Read more here: Fact_Sheet_14_Drone_Brood_Removal_FV


‘Celle’ Rotation

This sheet describes a method of varroa control from Germany that incorporates a complete change of brood comb. The system has been developed using organic acids however suggested alternative control is included. It is claimed to be effective provided that local background varroa levels are low. The main benefits, apart from varroa control, are the exchange of all old brood combs for new therefore reducing overall pathogen load in the colony, swarm control and maintaining or increasing honey yield. It is suitable for use with small brood boxes rather than large.

Read more here: Fact_Sheet_13_Celle_Rotation_FV


Estimating Varroa Mite Populations

Varroa infestations are often missed by beekeepers until the infestation is severe. It is therefore important to regularly monitor for the pest and to be able to assess when the infestation is likely to have an impact on the colony. The key to successful varroa control is knowing how many mites are present in a colony and when to take appropriate action. This sheet explains three methods commonly used to calculate varroa populations. Two give a moderately accurate assessment, and the third is a quick guide. You must remember that the ‘quick guide’ is not an accurate assessment.

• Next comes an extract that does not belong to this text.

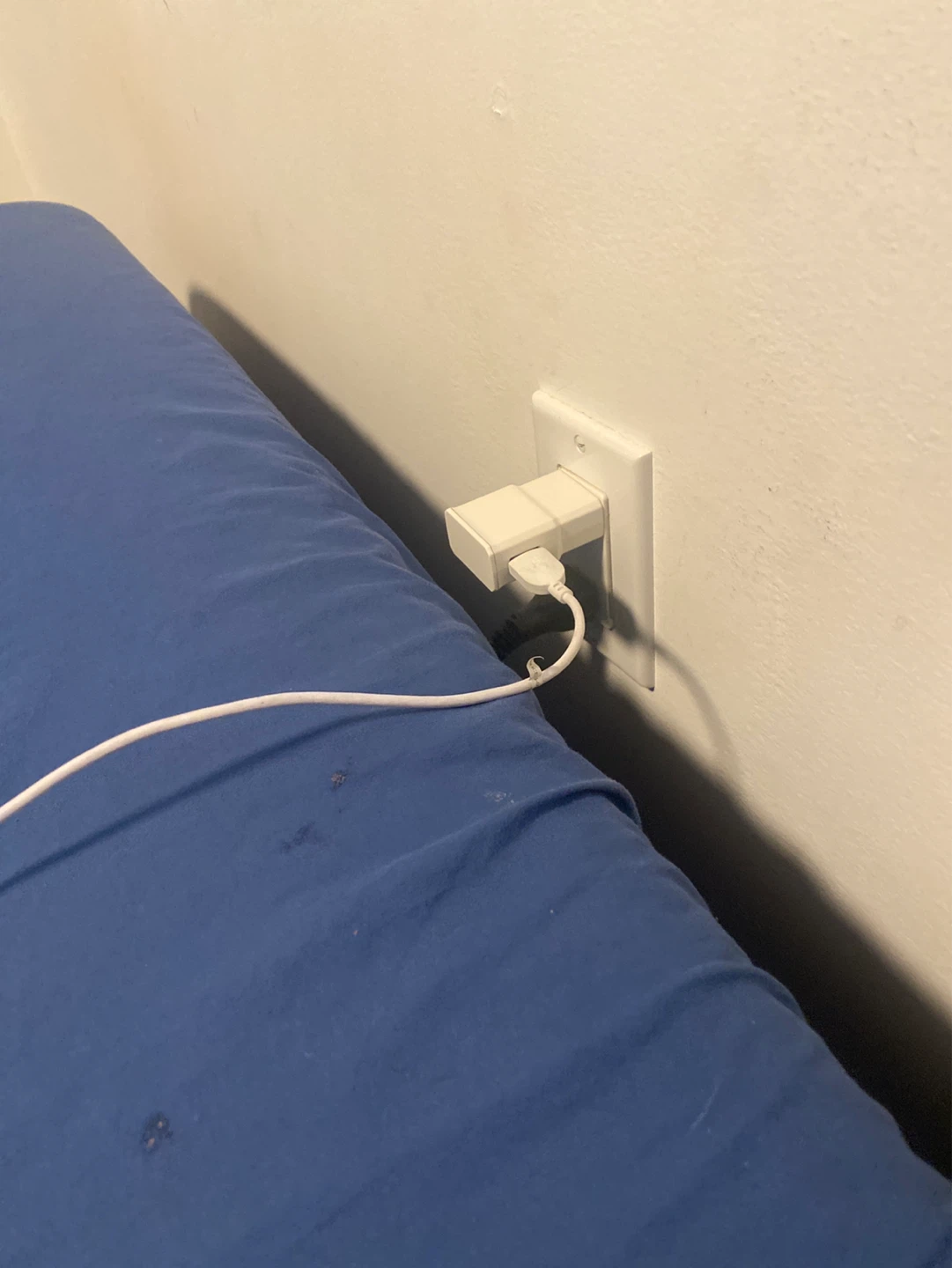 White USB Wall Charger - photo 2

Read more here: Fact_Sheet_12_Estimating_Varroa_Populations_FV


Open Mesh Floors

The use of open mesh floors has been advocated by many beekeepers for years. The reasons given are legion but one is to help control varroa mite levels within a honeybee colony. Researchers advise us that about 20% of varroa mites hatching from brood with their host bees will fall off within three days of emergence. Though many of these mites may be the least viable, indications are that it is a cross section of the mite population that fall. Older mites also have a tendency to fall off bees. With the use of open mesh floors most of these will fall out of the hive and be unable to return.

Read more here: Fact_Sheet_11_Open_Mesh_Floors_FV


Control of Small Hive Beetle

If Small Hive Beetle Aethina tumida (SHB) arrives in the United Kingdom and eradication is not possible beekeepers will have to put in place measures to control infestations. There is no simple way to control this bee pest and an integrated pest management system will have to be used. To control infestations it is necessary to disrupt or prevent the life cycle of the beetle. This sheet gives an outline of measures that may be used.

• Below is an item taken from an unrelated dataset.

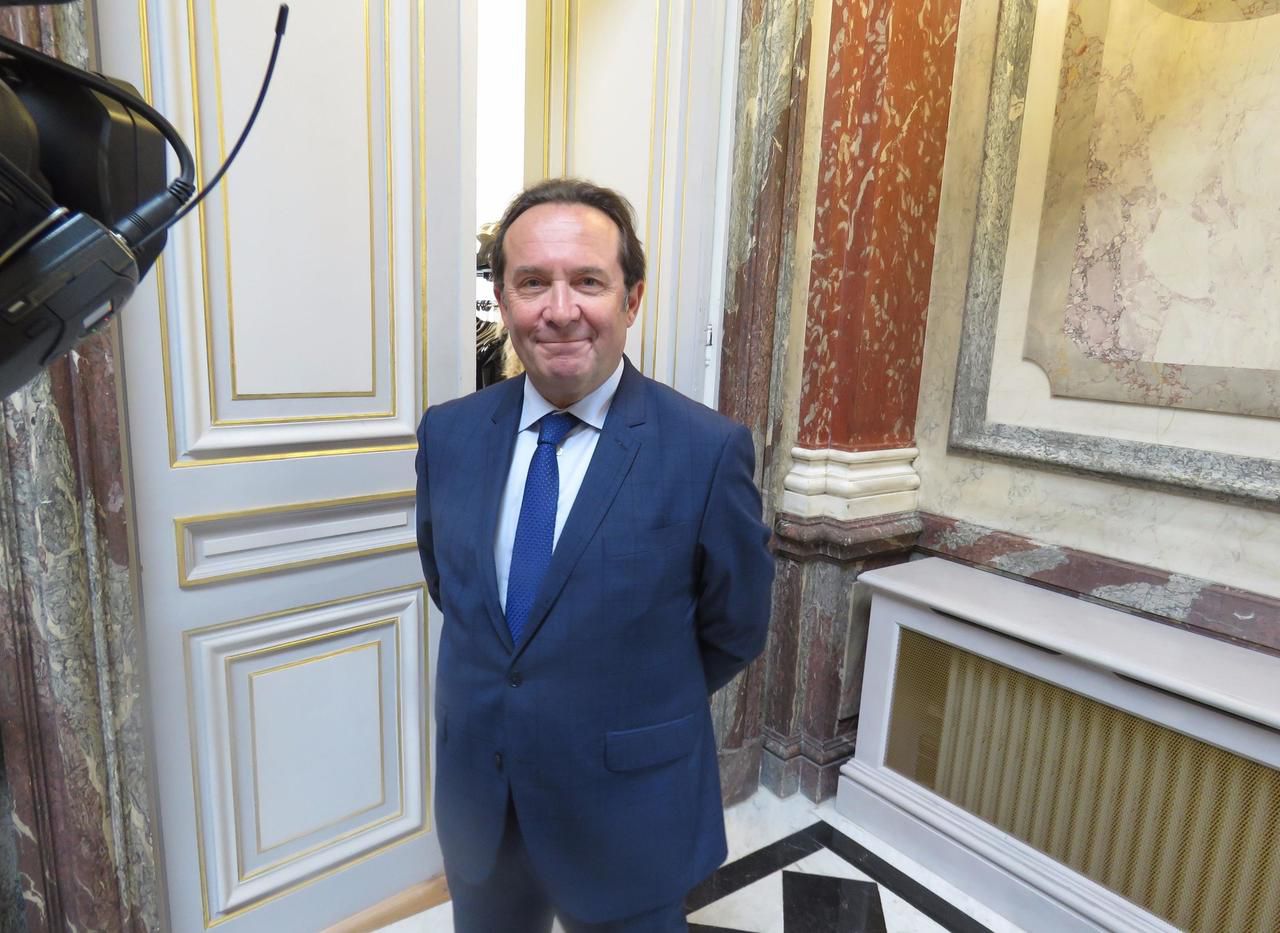 <b></b> Pierre Bédier, président LR du conseil départemental des Yvelines, critique la décision de Jacques Myard, le maire LR de Maisons-Laffitte qui se présente aux sénatoriales face à la liste officielle du parti.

Read more here: Fact_Sheet_10_SHB_Control_FV


Fumigating Comb

Why should I fumigate comb? Fumigating comb with acetic acid is often advocated as a way of controlling certain diseases such as Nosema spp. It has some benefits but they must be weighed carefully.

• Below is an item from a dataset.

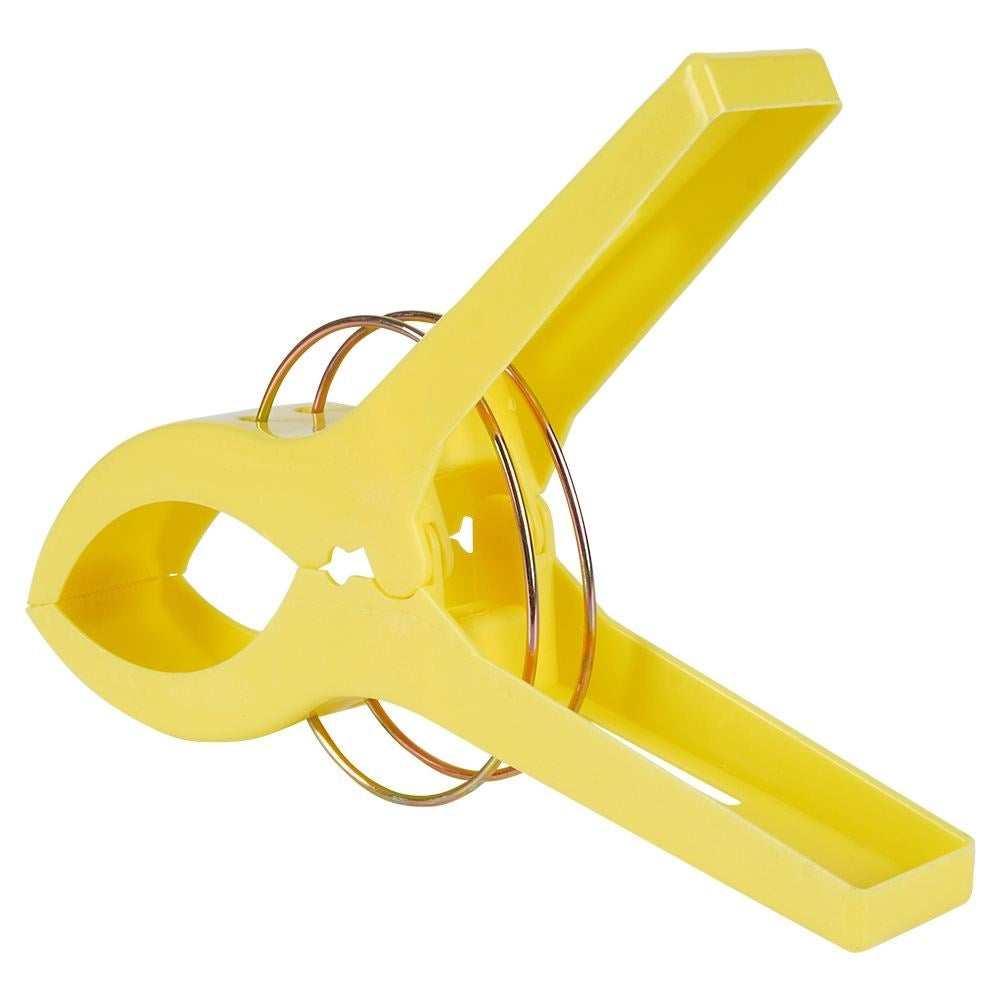 Four clips for towel/beach blanket - wind resistant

Read more here: Fact_Sheet_9_Fumigating_Comb_FV_December_2010(1)


‘Beltsville’ Test

This sheet describes a simple test (a variation of the USDA Beltsville method) to check if varroa mites are resistant to Apistan®. NB. Apistan® resistant mites will almost invariably be cross-resistant to Bayvarol®

Read more here: Fact_Sheet_8_Beltsville_Test_FV


Pyrethroid Resistance

Pyrethroids are chemicals that have a low toxicity to mammals and birds but a high toxicity to insects. They require very low doses to kill their target species and are very fast acting. Pyrethroids also have lipophilic properties which mean that the chemical compounds are able to dissolve in fats and oils and as a result, accumulate and persist in bees wax. They work by inhibiting the nervous system of the target which can result in paralysis. The effectiveness of Pyrethroids to Varroa destructor has declined in the past decade due to it having developed resistance to the acaricides. This Fact Sheet discusses how to determine whether you have pyrethroid resistant mites and what to do should you discover you have them.